Grant Thornton US to pay $100m in damages over tax shelter
Grant Thornton US has been ordered to pay $100m in damages after selling a tax shelter to clients which allowed funds held in Cayman Island-based companies to be distributed to shareholders in the US without federal tax liability.
Grant Thornton US sold the tax shelter, which was later disallowed by the Inland Revenue Service (IRS), to its clients William and Martha Yung and the 1994 William J. Yung Family Trust in 2000. The Yungs settled with the IRS in 2007.

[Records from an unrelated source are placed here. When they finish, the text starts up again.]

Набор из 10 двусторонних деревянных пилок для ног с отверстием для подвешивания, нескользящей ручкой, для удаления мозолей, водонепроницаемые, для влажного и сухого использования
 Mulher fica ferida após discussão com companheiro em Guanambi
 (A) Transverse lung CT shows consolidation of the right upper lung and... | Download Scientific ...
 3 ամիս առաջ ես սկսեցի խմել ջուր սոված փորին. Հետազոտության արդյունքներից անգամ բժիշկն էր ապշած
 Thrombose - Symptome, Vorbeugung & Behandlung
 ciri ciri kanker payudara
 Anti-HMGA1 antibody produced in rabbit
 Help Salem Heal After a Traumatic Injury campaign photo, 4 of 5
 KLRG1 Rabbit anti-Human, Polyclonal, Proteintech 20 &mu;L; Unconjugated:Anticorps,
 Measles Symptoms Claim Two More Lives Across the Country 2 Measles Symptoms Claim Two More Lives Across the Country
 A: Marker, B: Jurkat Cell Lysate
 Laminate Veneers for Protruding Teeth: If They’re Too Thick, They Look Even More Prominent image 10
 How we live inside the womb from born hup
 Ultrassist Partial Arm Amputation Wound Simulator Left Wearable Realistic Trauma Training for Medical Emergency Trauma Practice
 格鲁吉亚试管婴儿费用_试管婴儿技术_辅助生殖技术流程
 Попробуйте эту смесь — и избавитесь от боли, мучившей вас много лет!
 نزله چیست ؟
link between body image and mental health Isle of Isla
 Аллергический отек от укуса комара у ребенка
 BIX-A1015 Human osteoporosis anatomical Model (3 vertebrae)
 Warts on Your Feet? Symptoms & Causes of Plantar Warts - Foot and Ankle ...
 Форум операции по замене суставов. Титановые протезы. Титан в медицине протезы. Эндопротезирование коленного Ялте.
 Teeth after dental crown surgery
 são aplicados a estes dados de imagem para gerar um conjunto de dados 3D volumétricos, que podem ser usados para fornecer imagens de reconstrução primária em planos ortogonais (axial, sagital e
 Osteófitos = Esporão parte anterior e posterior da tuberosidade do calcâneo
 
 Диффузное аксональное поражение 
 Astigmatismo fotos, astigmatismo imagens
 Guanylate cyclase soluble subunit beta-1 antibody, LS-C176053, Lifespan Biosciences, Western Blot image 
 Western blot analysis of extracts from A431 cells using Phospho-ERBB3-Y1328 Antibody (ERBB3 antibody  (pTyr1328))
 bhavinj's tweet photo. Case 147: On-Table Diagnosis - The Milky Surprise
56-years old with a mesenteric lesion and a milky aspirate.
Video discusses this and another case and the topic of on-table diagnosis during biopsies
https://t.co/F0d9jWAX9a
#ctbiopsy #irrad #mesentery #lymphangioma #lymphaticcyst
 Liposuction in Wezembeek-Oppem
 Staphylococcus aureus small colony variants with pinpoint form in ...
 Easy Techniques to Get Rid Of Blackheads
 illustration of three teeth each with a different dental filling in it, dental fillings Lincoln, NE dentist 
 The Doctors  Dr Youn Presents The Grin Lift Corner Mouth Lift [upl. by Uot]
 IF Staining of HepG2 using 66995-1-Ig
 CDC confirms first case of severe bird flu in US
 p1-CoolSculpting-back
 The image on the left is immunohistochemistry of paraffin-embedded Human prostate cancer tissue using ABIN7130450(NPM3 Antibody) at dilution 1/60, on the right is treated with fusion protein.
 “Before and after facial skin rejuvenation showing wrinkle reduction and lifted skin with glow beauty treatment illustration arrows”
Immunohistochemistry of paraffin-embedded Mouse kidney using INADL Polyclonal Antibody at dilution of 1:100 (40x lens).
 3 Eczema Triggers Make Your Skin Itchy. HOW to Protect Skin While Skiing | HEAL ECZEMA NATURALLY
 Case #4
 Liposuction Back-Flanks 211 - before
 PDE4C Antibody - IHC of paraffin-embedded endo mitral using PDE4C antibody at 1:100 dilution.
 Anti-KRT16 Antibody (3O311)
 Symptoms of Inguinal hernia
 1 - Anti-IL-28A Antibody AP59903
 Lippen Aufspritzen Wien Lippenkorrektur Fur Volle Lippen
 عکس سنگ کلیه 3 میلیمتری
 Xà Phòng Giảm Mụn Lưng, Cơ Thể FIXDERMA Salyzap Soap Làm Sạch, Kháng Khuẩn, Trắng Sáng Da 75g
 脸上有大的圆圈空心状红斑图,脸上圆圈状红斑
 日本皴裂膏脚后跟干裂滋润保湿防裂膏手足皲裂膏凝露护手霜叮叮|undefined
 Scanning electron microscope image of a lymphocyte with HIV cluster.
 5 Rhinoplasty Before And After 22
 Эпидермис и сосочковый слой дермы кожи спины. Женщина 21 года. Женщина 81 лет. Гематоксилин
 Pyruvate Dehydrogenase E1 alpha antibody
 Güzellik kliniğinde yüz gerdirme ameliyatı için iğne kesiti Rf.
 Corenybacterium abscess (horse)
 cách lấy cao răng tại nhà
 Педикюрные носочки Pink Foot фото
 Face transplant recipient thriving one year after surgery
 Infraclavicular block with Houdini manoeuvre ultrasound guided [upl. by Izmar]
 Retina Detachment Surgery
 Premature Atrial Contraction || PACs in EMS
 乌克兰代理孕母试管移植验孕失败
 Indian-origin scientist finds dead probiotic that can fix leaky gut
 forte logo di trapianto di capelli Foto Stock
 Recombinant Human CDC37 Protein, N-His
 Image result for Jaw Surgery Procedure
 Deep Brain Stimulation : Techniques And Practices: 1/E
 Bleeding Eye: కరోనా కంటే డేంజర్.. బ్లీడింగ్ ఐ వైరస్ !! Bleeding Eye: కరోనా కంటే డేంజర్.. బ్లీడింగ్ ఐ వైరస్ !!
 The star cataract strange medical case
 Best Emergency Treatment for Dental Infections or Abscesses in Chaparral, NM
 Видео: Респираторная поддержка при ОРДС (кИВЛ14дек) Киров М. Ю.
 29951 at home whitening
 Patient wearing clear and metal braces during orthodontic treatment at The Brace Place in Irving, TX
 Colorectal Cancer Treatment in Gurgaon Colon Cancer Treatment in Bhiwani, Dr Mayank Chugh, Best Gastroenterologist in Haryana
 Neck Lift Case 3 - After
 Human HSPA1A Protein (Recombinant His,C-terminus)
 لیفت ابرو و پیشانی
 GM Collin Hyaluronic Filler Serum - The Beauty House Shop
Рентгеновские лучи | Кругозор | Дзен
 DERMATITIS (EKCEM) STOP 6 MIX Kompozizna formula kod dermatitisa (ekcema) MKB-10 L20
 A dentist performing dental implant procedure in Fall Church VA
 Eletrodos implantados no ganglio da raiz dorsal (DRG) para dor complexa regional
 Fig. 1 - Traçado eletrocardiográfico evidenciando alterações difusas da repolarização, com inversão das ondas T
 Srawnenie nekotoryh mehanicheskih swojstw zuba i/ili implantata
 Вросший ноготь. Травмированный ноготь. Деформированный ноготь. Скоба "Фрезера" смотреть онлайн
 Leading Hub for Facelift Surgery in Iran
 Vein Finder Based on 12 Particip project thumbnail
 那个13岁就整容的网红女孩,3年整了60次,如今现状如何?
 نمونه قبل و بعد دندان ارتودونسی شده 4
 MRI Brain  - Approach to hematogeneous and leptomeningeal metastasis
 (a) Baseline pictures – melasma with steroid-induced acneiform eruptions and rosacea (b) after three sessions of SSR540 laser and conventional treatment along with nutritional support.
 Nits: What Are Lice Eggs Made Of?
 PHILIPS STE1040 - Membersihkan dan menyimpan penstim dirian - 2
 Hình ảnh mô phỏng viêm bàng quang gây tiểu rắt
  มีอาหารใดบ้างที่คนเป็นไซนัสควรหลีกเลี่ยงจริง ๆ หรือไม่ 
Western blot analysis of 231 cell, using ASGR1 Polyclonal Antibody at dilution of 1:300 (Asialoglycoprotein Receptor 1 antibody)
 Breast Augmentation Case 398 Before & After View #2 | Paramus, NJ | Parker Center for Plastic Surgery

The tax shelter, known as Lev301, was developed by Grant Thornton in 2000 as a strategy designed to allow corporations to make certain types of monetary distribution with minimum tax consequences to their shareholders.
After selling Lev301 to the Yungs, Grant Thornton then sold it to 13 other clients and a similar product to 22 other customers.
Following the settlement with the IRS, the Yungs took action to recoup roughly $20m, the combined total paid to the IRS in back taxes, interest and penalties, and the fees it paid to Grant Thornton.
The trial court found Grant Thornton liable for fraud and gross professional negligence in the sale of Lev301 and awarded $20m in compensatory damages to the Yungs and $80m in punitive damages.
Grant Thornton appealed this decision and the Court of Appeals reduced the amount Grant Thornton needed to pay in punitive damages to $20m. It found that the punitive damages in excess of $20m to be unreasonable and exceeded the amount justified to punish and deter Grant Thornton from similar behaviour in the future.
The Yungs then sought to reinstate the initial $80m to be paid in punitive damages. The Supreme Court of Kentucky then upheld the initial court’s decision and reinstated the original $80m of punitive damages to be paid.
In 2018, Grant Thornton US had a fee income of $1.7bn.
Grant Thornton US told IAB: "Grant Thornton is disappointed with the most recent decision regarding this matter, which dates back almost 20 years, and is reviewing its options for appeal."